Halevy declined to provide further details of the exchange.
After his release on $1,500 bail on Oct. 11, Halevy said he saw the man who called the police to have him removed at the Aliya Center and the man, identfied by the Daily News as Zalmy Trappler, apologized to him. "I forgave him," said Halevy.
When first asked to leave the center by Trappler, whose role at the center is unclear, Halevy said he did not recognize him. "I was staying there for a while and I hadn't seem him before."
He said that while in jail he was offered protective custody by jail officials, but when told by other inmates that it was extremely restrictive, he declined. "In the general population you can walk around at lunch time and look out the window." But Halevy spent his entire jail stay without his glasses.

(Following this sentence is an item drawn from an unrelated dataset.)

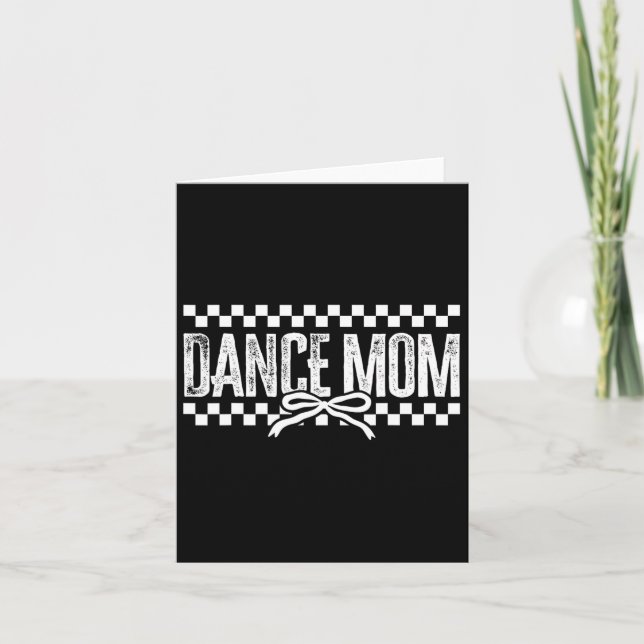 Retro Dance Mom Coquette Bow Checkered Dance Mama  Card (Front)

Halevy said since the incident he has re-established communication with his family. Siegel said Halevy's father had called and offered his full support. Halevy is currently staying at the home of a friend.
Siegel also said he believed the city would settle any civil claim because the video footage is so damaging to the NYPD.
"The video speaks for itself," he said. "This was not reasonable force; this was excessive force. The Patrol Guide has specific protocols on how to handle a situation like this."
He said the officers should have investigated Halevy's claim that he was not trespassing before trying to arrest him.
Supporters of Halevy started an online petition drive calling for the charges to be dismissed.